Appellant(s): Nike Global Trading B.V., Singapore Branch

Respondent(s): Pemungut Duti Setem

Bench
  • YA Datuk Ravinthran a/l Paramaguru
  • YA Datuk Azimah binti Omar
  • YA Dato' Ahmad Kamal Bin Md. Shahid
Facts & Background
  • An original intercompany loan agreement existed between a lender (NEON) and a borrower (NIKE Malaysia) within the same corporate group.
  • A Novation Agreement was subsequently entered into by NEON, NIKE Malaysia, and the appellant, transferring all rights, obligations, duties, and liabilities from NEON to the appellant.
  • The respondent assessed ad valorem stamp duty on the Novation Agreement, which the appellant objected to, arguing it should only attract nominal duty.
  • The High Court dismissed the appellant's appeal, ruling that the Novation Agreement constituted a transfer of debt, chargeable under Section 16(1) and Item 32(a) of the First Schedule of the Stamp Act 1949.
Issues for the Court
  • Whether the Novation Agreement was a transfer or conveyance of property, making it chargeable with ad valorem stamp duty under Section 16(1) and Item 32(a) of the First Schedule of the Stamp Act 1949.
  • Whether the Novation Agreement constituted a novation, which extinguishes an existing contract and creates a new one, or an assignment, which merely transfers existing rights.
  • Whether the High Court erred in finding that the Novation Agreement lacked valid consideration.
Decision
  • The Court of Appeal allowed the appeal, holding that the Novation Agreement was a true novation, not an assignment, conveyance, or transfer of property.

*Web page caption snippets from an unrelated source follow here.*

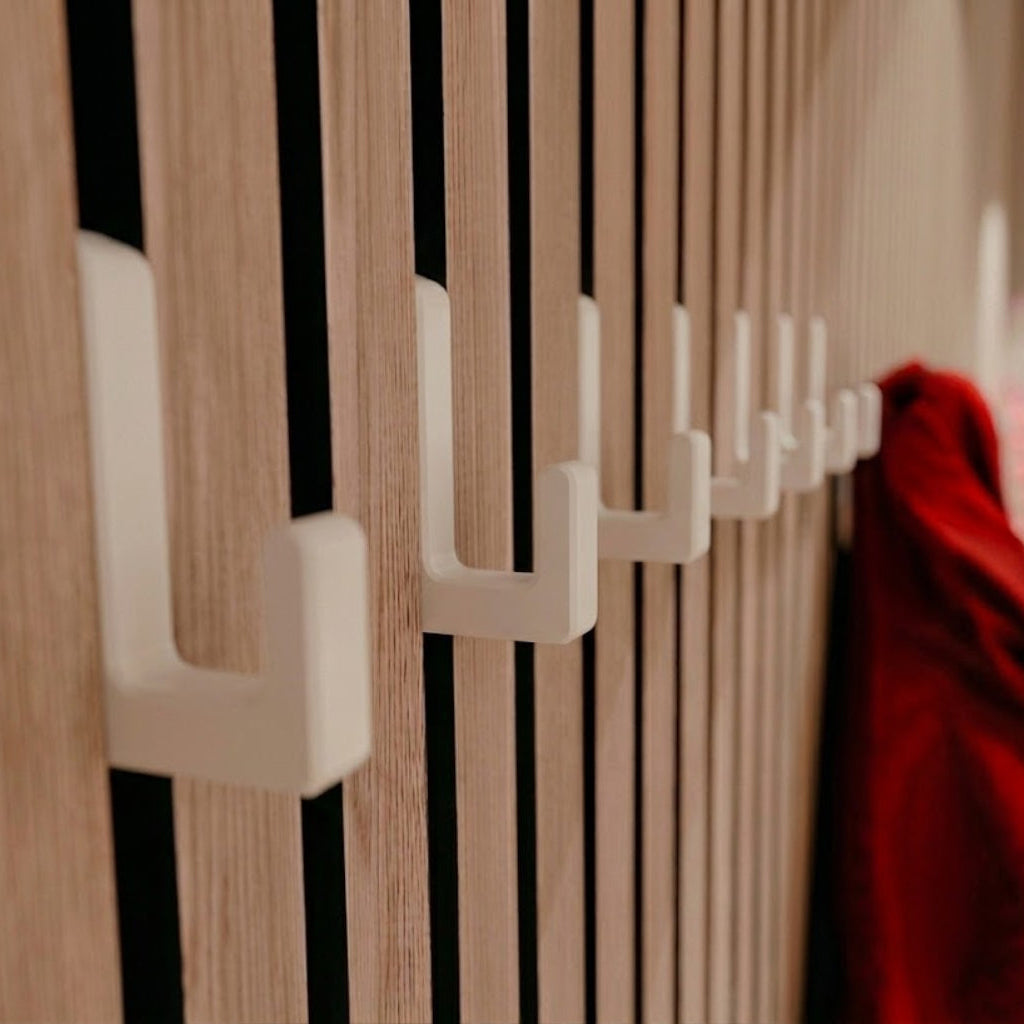 Single Hook Square for Acoustic Panels - Installation Type: Wall Clip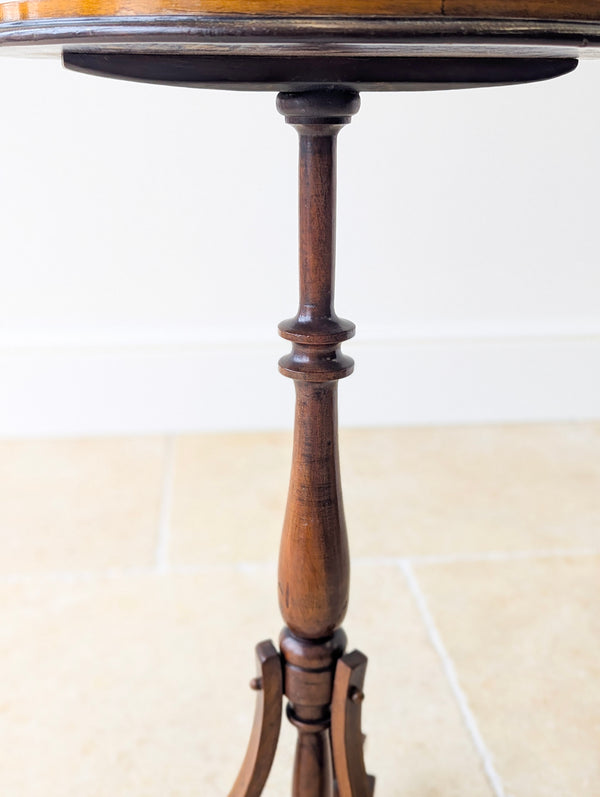 Antique Edwardian Inlaid Mahogany Wine Table c.1905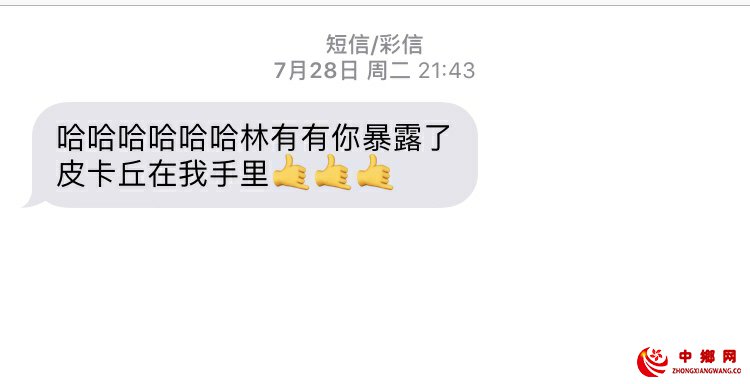  陆先生收到的陌生人发来的短信  截图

  • The Court clarified that a novation, under Section 63 of the Contracts Act 1950, extinguishes the old contract and substitutes a new one, involving the consent of all parties and the assumption of both rights and obligations.
  • The Court further held that consideration for a novation need not be monetary, as mutual discharge and assumption of obligations constitute valid consideration.
  • Consequently, Section 16(1) and Item 32(a) of the First Schedule of the Stamp Act 1949 were inapplicable, and the Novation Agreement was directed to be stamped with nominal duty under Item 4.